4.3. Effects of Bedding Dip Angles on Formations of Hydraulic Fracturing Networks

Figure 16, Figure 17, Figure 18, Figure 19 and Figure 20 show the morphology of hydraulic fracturing networks under different horizontal stress ratios and different bedding dip angles. It can be seen that the horizontal stress ratio has a great impact on hydraulic fracturing network morphologies. For the circumstance of low horizontal stress ratios, 2~4 main fractures propagate to a certain extent, whose propagation directions are along the direction of maximum principal stress (σ_h = 10 MPa). However, when the horizontal stress ratio is higher, there are multiple propagation directions and the extension length is relatively short. Meanwhile, when the horizontal stress ratio is relatively lower, the hydraulic fracturing length is longer and the formation range of hydraulic fracturing networks is wider. While in the case of high horizontal stress ratio, the hydraulic fractures are confined around the local perforation area and the fracture formation range is smaller.

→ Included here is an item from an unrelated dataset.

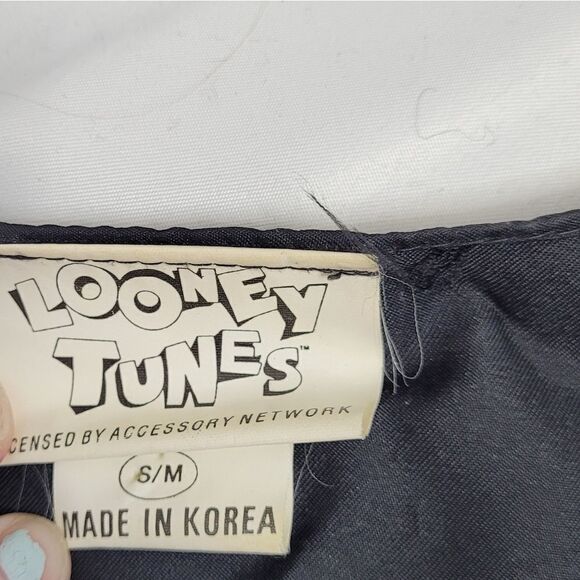 VINTAGE 90s vest Looney Tunes Warner Bros character button up tie back S/M - Picture 7 of 8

The bedding dip angle is also another important factor affecting hydraulic fracture morphologies. For the case with small bedding dip angles (θ = 15°), the hydraulic fracture propagates through the bedding. While for the case with larger bedding dip angles (θ = 75°), the hydraulic fracture propagates along the bedding. For the case with bedding dip angle θ ranging from 30° to 60°, the hydraulic fracture morphology is affected by the horizontal stress ratio: When the horizontal stress ratio is smaller, the hydraulic fracture mainly propagates along the bedding. However, when the horizontal stress ratio is larger, the hydraulic fracture will propagate through the bedding.

5. Conclusions

(1)

The interaction modes between liquid particles and solid particles have been introduced and the traditional kernel function in the SPH method has been improved by introducing the fracture mark ξ, which can realize the hydraulic fracturing simulations of particles.

(2)

The application of the stress boundary of SPH is realized by stress mapping. The feasibility of the improved numerical method is validated by two numerical examples, and the correctness of the method is verified by comparisons with previous experimental results.

(3)

The hydraulic fracturing mesh-less numerical model containing bedding properties has been established, and the numerical simulations are carried out on the progressive fracture propagations under different horizontal stress ratios. With the increase of horizontal stress ratio, the total number of damaged particles decreases, but the initiation and extension pressure increase gradually. The initiation stress of small bedding dip angles (θ < 45°) is larger than that of big bedding dip angles (θ > 45°).

(4)

The morphology of hydraulic fracturing networks is greatly affected by bedding dip angles and the horizontal stress ratio. The range of hydraulic fracture propagation at low horizontal stress ratio is wider and the fracture propagation is along the direction of maximum principal stress, while the range of hydraulic fracture propagation at a high horizontal stress ratio is limited to perforation. The hydraulic fracture will propagate through the bedding with small dip angles. However, when the bedding dip angle is larger, the hydraulic fracture will propagate along the bedding direction.